EXERCISE INSTRUCTIONS
Find the line with "Exclusieve grote boomstambladen" in the records below. Output exactly from there until after the line with "SEAT Arona Style", without pictures.

BEGIN THE RECORDS

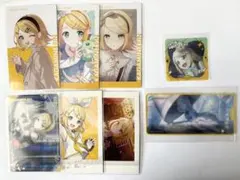 プロセカ　鏡音リン　紙類まとめ売り　　ぱしゃこれ　エピカ　メモステ　キラー　人形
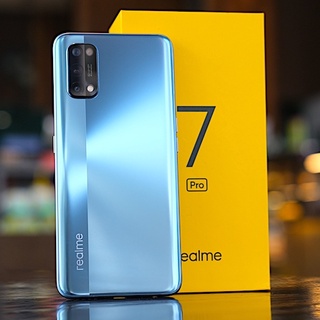 Realme 7 Pro (RAM8 ROM128) เครื่องโชว์ศูนย์ สภาพดี อุปกรณ์แท้ยกกล่อง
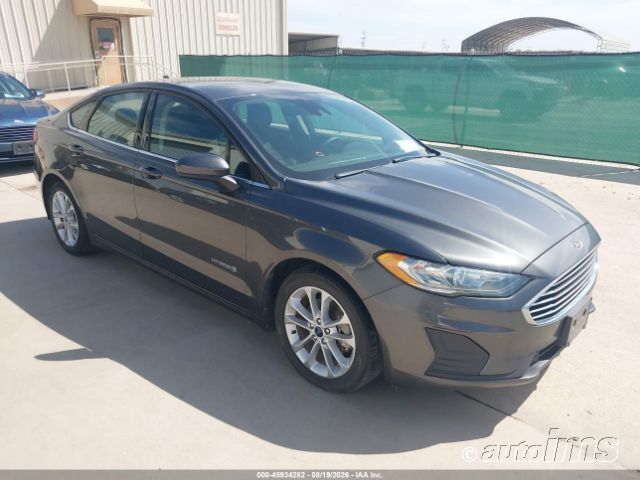 2019 FORD Fusion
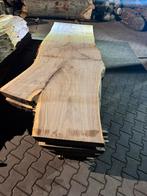 Exclusieve grote boomstambladen 340x100x7 cm, Palen, Ophalen of Verzenden, Zo goed als nieuw, Hardhout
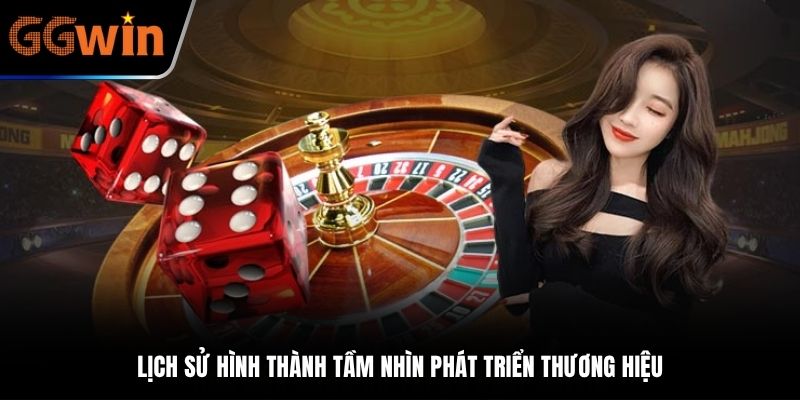 Lịch sử hình thành tầm nhìn phát triển thương hiệu GGWIN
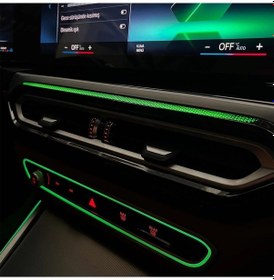 Resim Bmw 3-4, İ3-i4 Serisi Lcı Kasa Uyumlu Volume Çerçeve Ambiyans 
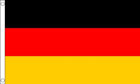 Germany Funeral Flag
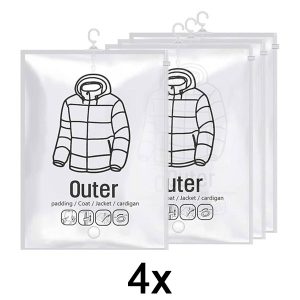 Pakabinami vakuuminiai maišai (4 vnt.) | VACUHANG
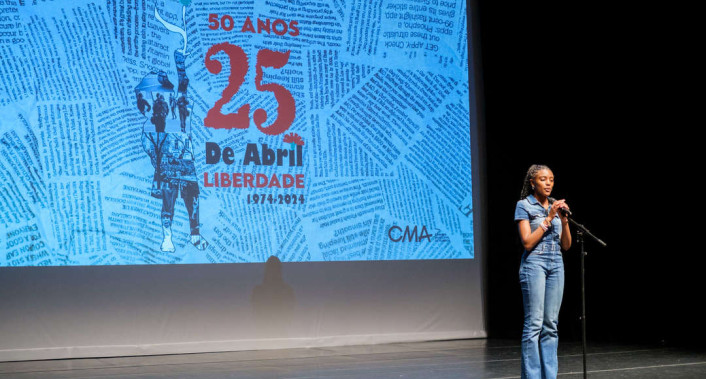 Comemorações do 25 de abril, alunos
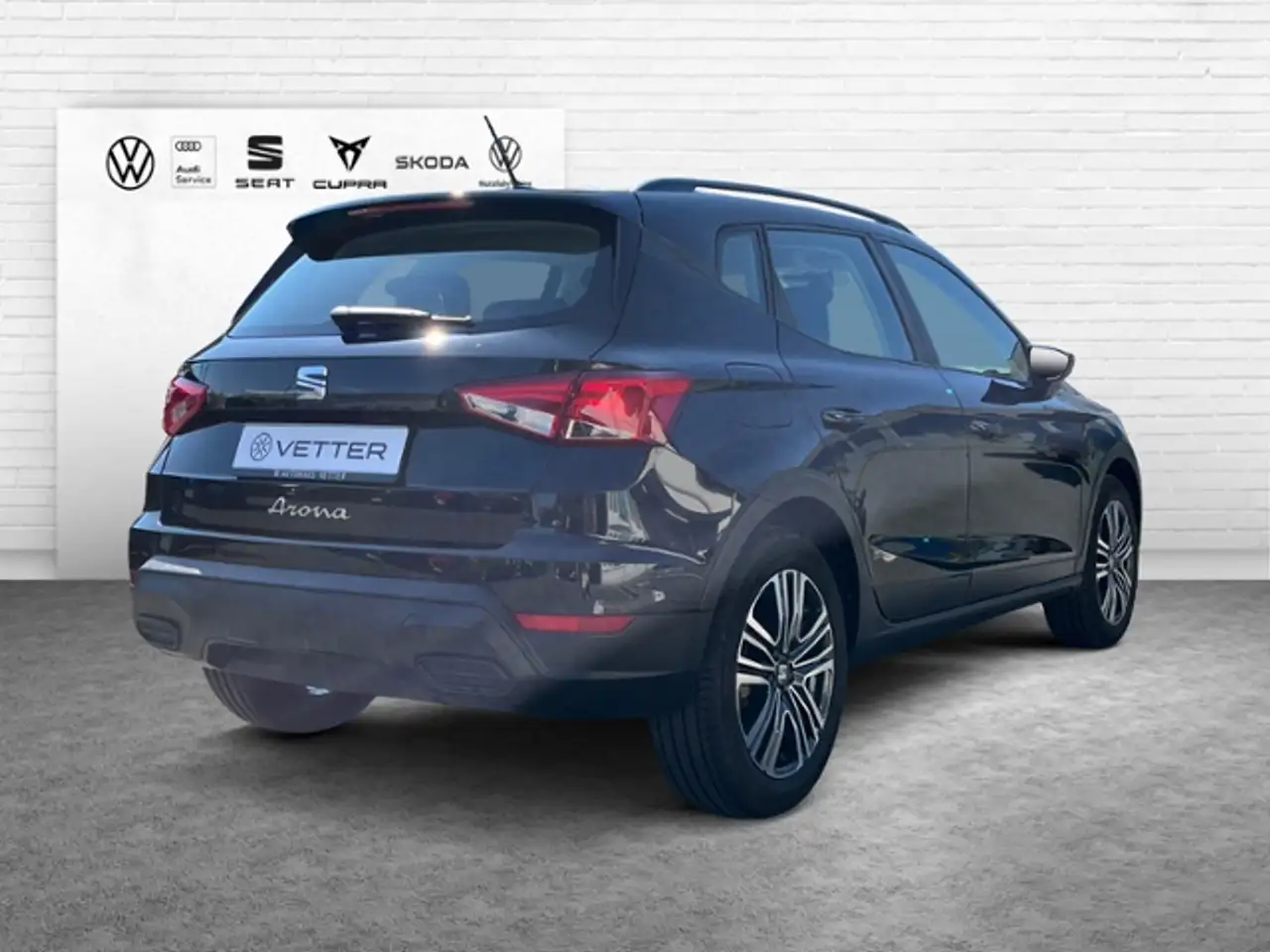 SEAT Arona Style 1.0 TSI DSG KLIMA LED NAVI LEDER ALU — Vehicle gallery 13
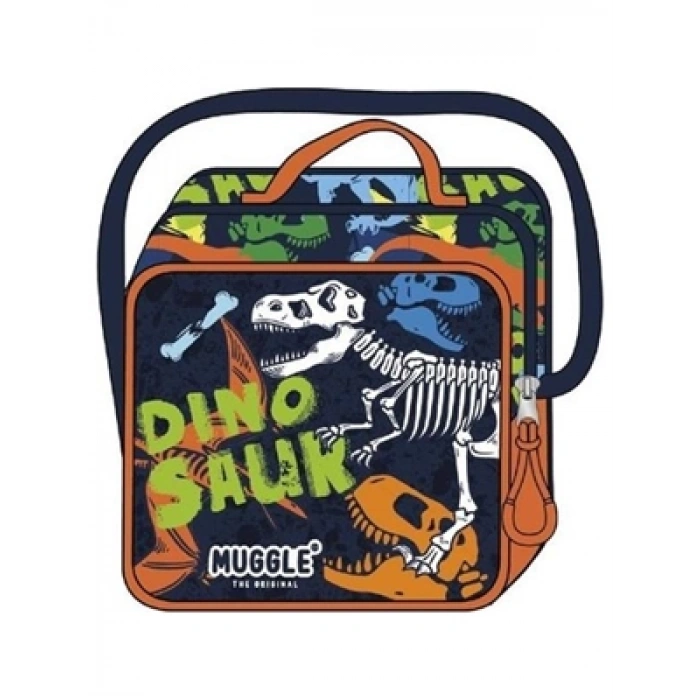 3E Grup - Muggle Dino Beslenme Çantası Mu-9163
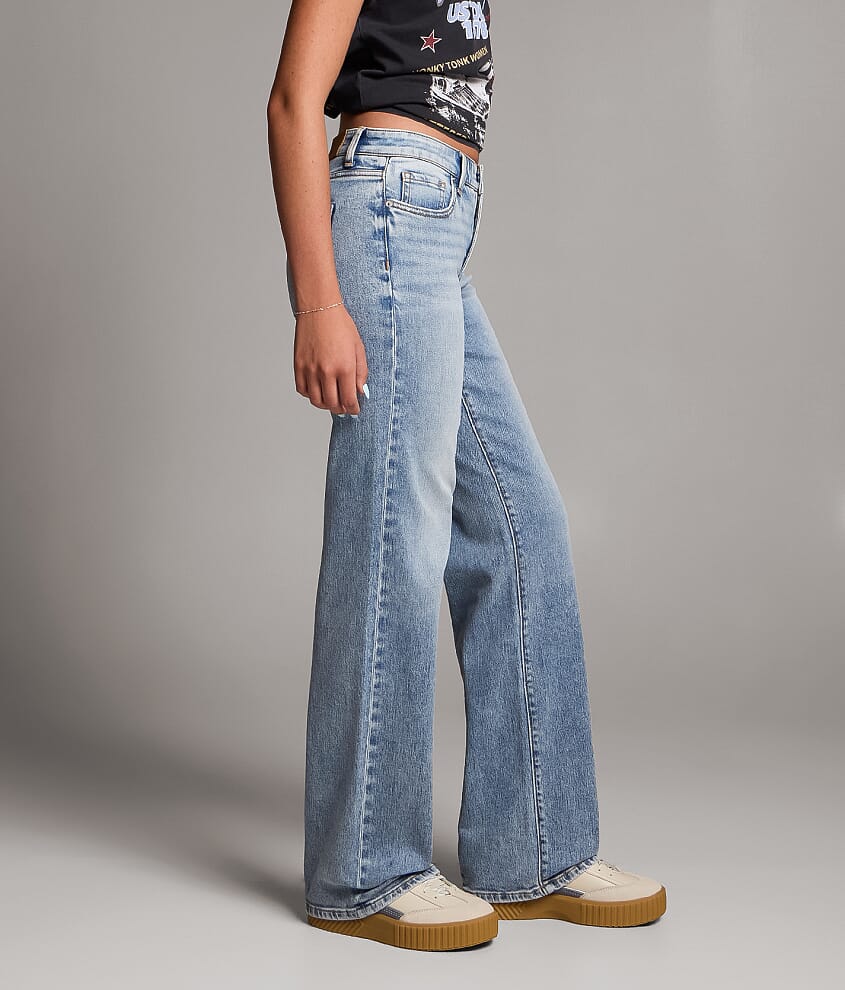 Payton Wide Leg Stretch Jean thumbnail 3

END THE RECORDS

THE ANSWER
 Exclusieve grote boomstambladen 340x100x7 cm, Palen, Ophalen of Verzenden, Zo goed als nieuw, Hardhout
 Lịch sử hình thành tầm nhìn phát triển thương hiệu GGWIN
 Resim Bmw 3-4, İ3-i4 Serisi Lcı Kasa Uyumlu Volume Çerçeve Ambiyans 
 Germany Funeral Flag
 Pakabinami vakuuminiai maišai (4 vnt.) | VACUHANG
 Comemorações do 25 de abril, alunos
 SEAT Arona Style 1.0 TSI DSG KLIMA LED NAVI LEDER ALU — Vehicle gallery 13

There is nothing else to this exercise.